Flamenco guitars, different sound and different techniques
Classical guitars have a full rich, sustainable tone and, no doubt, they enable guitarists to play several guitar styles with an enchanting passion, but the most noticeable difference appears when playing rasqueados and a flurry of rhythmical flamenco melodies that would sound quite muddy on a guitar with a big sustaining sound.
Typically Flamenco guitars are much more lightly constructed than classical guitars. Compared to a classical guitar, besides the Smallman classical guitar tops, flamenco guitars weigh almost nothing since its soundboard is thinner, the walls of its back and sides are much thinner, its body dimensions are shallower and thinner bracing. This different construction or design process, including little or no doming of the top and a neck with more inclination, results in the typical characteristic of a flamenco guitar: a less sustaining and more percussive sound, snare drum rasp when strummed, projecting a brighter and drier sound, a punchy wide-ranging tonality with fewer overtones and instantly responding. The sound of a flamenco has to be shorter with sharper, less sustain, the body is narrower including its soundboard and sides, the depth of the body at the lower bout of a flamenco guitar generally is about 95mm and for a classical about 103mm, the closer the back of the guitar to the sound hole, the less time sound travels within the interior body of the guitar, a flamenco guitar needs to attack quickly and fade off quickly which is the quality of a flamenco guitar sound, for classical music more time is needed for the sound to fade out. Flamenco rhythm accuracy is the most important for flamenco guitarists since they accompany dancers and singers to support their rhythm, playing out of the compas (the flamenco rhythm) is really unacceptable. A blanca (or cypress guitar) has a very low sustain meaning that a projected tone disappears instantly allowing flamenco guitarists to play very rhythmical.
Flamenco guitars are generally built with a shallower neck angle and a lower bridge, allowing strings to be set closer to the frets, action can get as low as 2,5mm on the 12th fret (distance between the bottom of the string and the top of the fret).
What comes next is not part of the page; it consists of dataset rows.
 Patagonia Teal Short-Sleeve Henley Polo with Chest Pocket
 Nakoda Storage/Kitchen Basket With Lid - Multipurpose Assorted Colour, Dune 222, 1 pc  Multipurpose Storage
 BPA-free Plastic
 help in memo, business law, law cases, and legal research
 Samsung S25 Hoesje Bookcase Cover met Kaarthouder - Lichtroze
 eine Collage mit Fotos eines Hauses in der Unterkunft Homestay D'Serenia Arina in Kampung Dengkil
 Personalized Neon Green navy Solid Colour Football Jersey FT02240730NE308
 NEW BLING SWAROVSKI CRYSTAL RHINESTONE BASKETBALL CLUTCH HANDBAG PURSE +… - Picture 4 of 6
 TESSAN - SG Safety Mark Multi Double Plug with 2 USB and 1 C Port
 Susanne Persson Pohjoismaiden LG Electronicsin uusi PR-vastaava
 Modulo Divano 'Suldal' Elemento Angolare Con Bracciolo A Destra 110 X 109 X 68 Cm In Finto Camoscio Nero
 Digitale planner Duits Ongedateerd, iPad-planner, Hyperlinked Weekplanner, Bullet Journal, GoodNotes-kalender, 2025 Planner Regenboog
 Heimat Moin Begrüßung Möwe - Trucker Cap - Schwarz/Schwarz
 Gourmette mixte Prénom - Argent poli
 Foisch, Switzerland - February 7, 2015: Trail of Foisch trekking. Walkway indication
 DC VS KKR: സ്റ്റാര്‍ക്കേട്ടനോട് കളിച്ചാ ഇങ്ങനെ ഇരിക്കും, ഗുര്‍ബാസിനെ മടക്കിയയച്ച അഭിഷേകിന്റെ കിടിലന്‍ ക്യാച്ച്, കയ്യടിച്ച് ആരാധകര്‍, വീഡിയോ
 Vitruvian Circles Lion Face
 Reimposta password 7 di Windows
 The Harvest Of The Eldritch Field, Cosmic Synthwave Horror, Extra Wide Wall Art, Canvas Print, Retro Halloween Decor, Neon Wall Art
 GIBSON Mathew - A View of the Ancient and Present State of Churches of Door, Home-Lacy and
These low string actions and lower frets on the flamenco guitar neck enable faster left-hand action and rapid fingering to play technically complicated pieces.
The distance between the soundboard and strings near the bridge as well as the saddle height of a flamenco guitar is also much lower, sometimes so low that one cannot pass a cigarette between the top and strings. This lower bridge and lower saddle height facilitate right hand strumming (rasgueados) and finger tapping (golpes) on the tap plate (golpeador) as well as easier movements from arpeggios to alzapuas with minor wrist movements...all essential parts of flamenco guitar playing.
Flamenco guitars come with tap plates or golpeadors, protecting the top, to facilitate the execution of Golpes or rhythmic hand tapping on the guitar’s top or soundboard. In addition (although seldom today) flamenco guitars used wooden tuning pegs rather than machine tuners.
The result is that not only the percussive sound of a flamenco guitar is different from a classical one; the specific setup and low action of a flamenco guitar also support different kind of techniques or the way in which these guitar techniques can be executed. This is why many Jazz, Latin guitarists and various other contemporary musicians have fallen in love with the unique voices and playability of flamenco guitars.